Mini-Letta is a lightweight implementation inspired by Letta's memory-augmented system. It introduces a hierarchical memory system to extend the context capabilities of language models. The system has three main components:

Main Context: The active window of conversation with the language model.
Recall Memory: Session-specific memory for frequently accessed or transient data.
Archival Memory: Long-term memory for persistent data stored using embeddings.

Features

Main Context Management: Dynamically updates and maintains a fixed token-limited context.
Recall Memory: Stores session-relevant facts for quick access.
Archival Memory: Supports long-term storage and similarity-based retrieval with embeddings.
Tokenization: Ensures the context remains within the maximum token limit.
Embedding Generation: Uses pre-trained models to generate text embeddings.

Installation

Clone the repository:

git clone https://github.com/ManishMothi/mini-letta.git
cd mini-letta

Create and activate a virtual environment:

python3 -m venv venv
source venv/bin/activate

Install dependencies:
```
pip install -r requirements.txt
```

Usage

Run the application:

python main.py

Example Workflow

The system dynamically builds and maintains the main context.
Recall memory is used to store and retrieve session-specific details.
Archival memory enables similarity-based queries for long-term knowledge.

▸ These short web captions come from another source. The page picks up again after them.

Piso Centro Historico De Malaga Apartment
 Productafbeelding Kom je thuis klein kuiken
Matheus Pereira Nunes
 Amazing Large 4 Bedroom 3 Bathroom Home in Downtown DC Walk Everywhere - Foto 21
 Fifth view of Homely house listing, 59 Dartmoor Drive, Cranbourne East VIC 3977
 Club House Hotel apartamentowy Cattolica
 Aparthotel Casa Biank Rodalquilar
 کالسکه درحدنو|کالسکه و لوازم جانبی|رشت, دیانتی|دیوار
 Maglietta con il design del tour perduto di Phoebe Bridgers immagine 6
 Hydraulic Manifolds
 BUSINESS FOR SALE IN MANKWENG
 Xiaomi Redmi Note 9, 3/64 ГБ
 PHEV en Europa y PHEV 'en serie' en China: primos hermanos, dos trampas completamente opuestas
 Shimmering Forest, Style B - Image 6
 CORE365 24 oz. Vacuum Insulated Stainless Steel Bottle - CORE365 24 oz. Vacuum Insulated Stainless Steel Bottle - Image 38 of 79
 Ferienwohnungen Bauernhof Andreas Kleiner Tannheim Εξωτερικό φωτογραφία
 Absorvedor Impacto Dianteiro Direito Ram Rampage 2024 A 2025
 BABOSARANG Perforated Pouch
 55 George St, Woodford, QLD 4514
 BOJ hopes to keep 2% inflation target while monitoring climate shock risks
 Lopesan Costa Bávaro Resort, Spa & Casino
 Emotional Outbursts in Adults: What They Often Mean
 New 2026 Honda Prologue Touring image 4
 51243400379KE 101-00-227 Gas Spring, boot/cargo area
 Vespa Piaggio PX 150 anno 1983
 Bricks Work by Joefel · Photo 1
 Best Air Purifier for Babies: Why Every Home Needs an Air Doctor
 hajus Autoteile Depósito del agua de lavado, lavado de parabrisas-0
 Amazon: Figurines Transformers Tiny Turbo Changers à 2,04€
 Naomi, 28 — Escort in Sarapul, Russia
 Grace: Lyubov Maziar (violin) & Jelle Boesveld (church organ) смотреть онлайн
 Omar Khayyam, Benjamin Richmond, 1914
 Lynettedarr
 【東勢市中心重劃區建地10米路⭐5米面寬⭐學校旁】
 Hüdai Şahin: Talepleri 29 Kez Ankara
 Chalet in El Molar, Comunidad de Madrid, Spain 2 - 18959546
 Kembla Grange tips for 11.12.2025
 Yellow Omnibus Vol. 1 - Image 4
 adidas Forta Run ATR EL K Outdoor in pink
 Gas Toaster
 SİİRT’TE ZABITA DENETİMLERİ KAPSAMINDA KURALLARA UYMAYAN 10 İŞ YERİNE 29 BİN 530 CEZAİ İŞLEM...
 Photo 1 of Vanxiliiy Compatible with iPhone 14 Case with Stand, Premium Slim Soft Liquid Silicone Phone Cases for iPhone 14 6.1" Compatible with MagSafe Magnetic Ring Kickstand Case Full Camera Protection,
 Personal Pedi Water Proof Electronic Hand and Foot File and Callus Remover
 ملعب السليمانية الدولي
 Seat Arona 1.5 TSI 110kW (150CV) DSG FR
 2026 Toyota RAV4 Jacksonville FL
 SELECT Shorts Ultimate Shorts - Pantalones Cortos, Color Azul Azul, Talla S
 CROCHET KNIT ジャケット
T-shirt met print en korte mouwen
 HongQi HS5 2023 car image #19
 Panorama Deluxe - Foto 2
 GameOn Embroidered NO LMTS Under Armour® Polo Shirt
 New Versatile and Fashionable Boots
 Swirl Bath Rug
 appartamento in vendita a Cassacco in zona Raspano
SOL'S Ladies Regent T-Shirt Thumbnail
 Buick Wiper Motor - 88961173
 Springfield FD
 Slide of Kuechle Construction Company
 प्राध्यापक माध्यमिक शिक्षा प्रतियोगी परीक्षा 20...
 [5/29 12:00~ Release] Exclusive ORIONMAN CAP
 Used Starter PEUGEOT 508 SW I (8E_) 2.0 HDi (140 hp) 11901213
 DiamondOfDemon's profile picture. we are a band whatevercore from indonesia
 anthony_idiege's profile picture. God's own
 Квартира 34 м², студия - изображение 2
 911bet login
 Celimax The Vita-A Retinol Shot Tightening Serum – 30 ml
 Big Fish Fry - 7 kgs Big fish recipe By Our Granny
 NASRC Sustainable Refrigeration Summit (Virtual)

The output is a fully enriched context ready to send to a language model.

Configuration

You can modify the settings in config.py:

MAX_TOKENS = 1000  # Maximum tokens in the main context
EMBEDDING_MODEL = 'all-MiniLM-L6-v2'
VECTOR_DB_NAME = "archival_memory"

Dependencies

Python 3.9 or later
NumPy <2.0
Sentence Transformers
PyTorch
ChromaDB

To install dependencies:

pip install -r requirements.txt

Project Structure

mini_letta/
│
├── main.py            # Entry point
├── memory/
│   ├── recall.py      # Recall memory logic
│   ├── archival.py    # Archival memory logic
├── context/
│   ├── main_context.py# Main context logic
├── utils/
│   ├── tokenizer.py   # Tokenization functions
│   ├── embedding.py   # Embedding generation
├── config.py          # Configuration settings
├── requirements.txt   # Project dependencies
└── README.md          # Documentation

Future Enhancements

Add integration with LLM APIs (e.g., OpenAI GPT or Hugging Face models).
Implement rules for prioritizing which memory to update.
Explore cloud-based solutions for long-term archival memory storage.